Cosmic Clash of Kingdoms


 

"So Jesus called them over to him and began to speak to them in parables: “How can Satan drive out Satan? If a kingdom is divided against itself, that kingdom cannot stand."

Mark 3:23-24


I’ve decided this morning that there’s enough of a unifying theme is this chapter of Mark to treat the whole chapter as a stand alone unit.

I hope that’s going to prove to be a good approach - one that honours God’s word and honours what God intended Mark convey to us through his account.

 

Because, that is really what we are looking for when we come to our bibles. We are looking for the inspired authors intended meaning.

 

If we’re not looking for that then the text can mean whatever anybody wants it to mean. Bible reading is not an exercise in arriving at a conclusion that most comfortably fits with our personal views. It’s a feasting on what God has designed to shape us, and conform us to his righteousness.

 

So, we’re going to spend most of our time orienting ourselves with the theme.

If I’m right in what I’m saying the theme is - and you can tell me if you think it’s not - then Mark is weaving it through the four historical events he has recorded for us, with powerful emphasis - that, I believe, is life shaping for us.


Back in Mark 1:15 we heard Jesus proclaiming that the time had come, ‘the kingdom of God has come near’. What did he mean?

He meant that with his own arrival on the earth - a one time earth-event; the next time he comes it’s over, the age is finished - with his arrival on the scene, God’s very own kingdom has entered into the domain of this world of ours.


So the question is, with an event as monumental and significant as that, won’t the whole world go after him?
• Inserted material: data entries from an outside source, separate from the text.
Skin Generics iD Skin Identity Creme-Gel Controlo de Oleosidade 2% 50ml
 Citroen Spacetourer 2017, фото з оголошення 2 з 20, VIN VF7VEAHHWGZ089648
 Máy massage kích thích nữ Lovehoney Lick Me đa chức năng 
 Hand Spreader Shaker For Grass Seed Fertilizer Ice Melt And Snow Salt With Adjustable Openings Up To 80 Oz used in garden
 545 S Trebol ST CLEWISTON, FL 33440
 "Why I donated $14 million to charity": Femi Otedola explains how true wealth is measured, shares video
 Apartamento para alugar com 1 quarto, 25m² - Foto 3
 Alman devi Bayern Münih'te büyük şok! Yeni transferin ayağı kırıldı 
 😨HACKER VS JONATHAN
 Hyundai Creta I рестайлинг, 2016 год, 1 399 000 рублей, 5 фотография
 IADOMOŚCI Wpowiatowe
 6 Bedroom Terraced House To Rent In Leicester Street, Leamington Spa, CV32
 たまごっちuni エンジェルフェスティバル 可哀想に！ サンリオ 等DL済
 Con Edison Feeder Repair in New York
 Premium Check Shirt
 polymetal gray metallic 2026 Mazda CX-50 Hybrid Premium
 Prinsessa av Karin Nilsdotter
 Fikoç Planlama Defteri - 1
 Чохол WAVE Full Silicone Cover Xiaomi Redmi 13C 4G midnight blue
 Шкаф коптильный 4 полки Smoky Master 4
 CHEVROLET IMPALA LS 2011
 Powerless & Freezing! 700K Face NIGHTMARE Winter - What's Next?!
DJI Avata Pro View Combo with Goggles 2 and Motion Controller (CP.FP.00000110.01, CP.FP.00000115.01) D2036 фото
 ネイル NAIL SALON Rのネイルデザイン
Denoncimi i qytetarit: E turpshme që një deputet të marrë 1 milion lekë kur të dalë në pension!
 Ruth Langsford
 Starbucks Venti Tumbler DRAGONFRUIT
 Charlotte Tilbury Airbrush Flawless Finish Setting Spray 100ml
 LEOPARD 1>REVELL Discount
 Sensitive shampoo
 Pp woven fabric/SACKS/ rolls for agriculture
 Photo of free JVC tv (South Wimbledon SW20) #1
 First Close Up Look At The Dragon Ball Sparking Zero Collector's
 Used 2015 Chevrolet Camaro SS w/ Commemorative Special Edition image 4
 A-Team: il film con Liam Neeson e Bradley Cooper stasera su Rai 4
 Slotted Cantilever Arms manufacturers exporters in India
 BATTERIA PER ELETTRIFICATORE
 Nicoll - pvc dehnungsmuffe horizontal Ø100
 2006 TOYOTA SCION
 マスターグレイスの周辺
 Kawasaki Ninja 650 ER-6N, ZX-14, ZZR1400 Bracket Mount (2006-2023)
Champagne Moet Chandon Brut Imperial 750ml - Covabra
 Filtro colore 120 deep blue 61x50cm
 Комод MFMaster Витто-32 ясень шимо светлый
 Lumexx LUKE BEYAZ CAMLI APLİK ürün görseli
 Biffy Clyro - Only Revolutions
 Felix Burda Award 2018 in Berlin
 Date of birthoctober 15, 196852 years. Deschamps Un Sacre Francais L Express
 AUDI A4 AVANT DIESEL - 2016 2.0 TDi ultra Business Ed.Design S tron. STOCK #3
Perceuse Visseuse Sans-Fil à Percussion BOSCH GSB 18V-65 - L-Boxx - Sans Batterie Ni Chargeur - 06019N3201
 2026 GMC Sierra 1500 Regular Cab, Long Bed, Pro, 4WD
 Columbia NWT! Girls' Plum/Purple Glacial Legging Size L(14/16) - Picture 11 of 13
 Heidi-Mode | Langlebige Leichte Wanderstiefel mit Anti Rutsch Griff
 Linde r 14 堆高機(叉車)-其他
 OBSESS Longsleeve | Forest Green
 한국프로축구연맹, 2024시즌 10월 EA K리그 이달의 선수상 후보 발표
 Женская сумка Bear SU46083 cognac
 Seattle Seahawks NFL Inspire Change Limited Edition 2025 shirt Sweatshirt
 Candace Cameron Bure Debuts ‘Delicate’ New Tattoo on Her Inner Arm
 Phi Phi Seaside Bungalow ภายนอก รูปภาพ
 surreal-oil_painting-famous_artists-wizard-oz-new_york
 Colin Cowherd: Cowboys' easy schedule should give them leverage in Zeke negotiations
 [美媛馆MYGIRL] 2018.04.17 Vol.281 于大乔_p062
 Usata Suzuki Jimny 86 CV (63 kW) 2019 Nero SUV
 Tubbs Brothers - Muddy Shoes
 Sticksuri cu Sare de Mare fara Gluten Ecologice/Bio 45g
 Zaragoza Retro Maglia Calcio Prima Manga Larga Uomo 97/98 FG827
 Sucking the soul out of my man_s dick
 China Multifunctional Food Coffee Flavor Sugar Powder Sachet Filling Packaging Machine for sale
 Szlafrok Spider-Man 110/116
I would expect that. Supported by, sickness yielding to his indomitable power; sin being repelled and repulsed at his presence, and Satanic forces cowering at the sight of him.

 

And we have seen those kinds of things happening in Mark’s account so far. People have been healed of their sickness. Evil spirits have been driven out. Sins have been declared forgiven. All by Jesus. So surely no one could fail to receive him.

 

Well, evidently they could. And the reason why they could is because Jesus’ kingdom wasn’t then - isn’t now - the kingdom it will be when Jesus returns a second time.

We know that’s the case because, when Jesus was being questioned by Pilate he said, ‘My kingdom is not of this world. If it were, my servants would fight to prevent my arrest by the Jewish leaders. But now my kingdom is from another place’.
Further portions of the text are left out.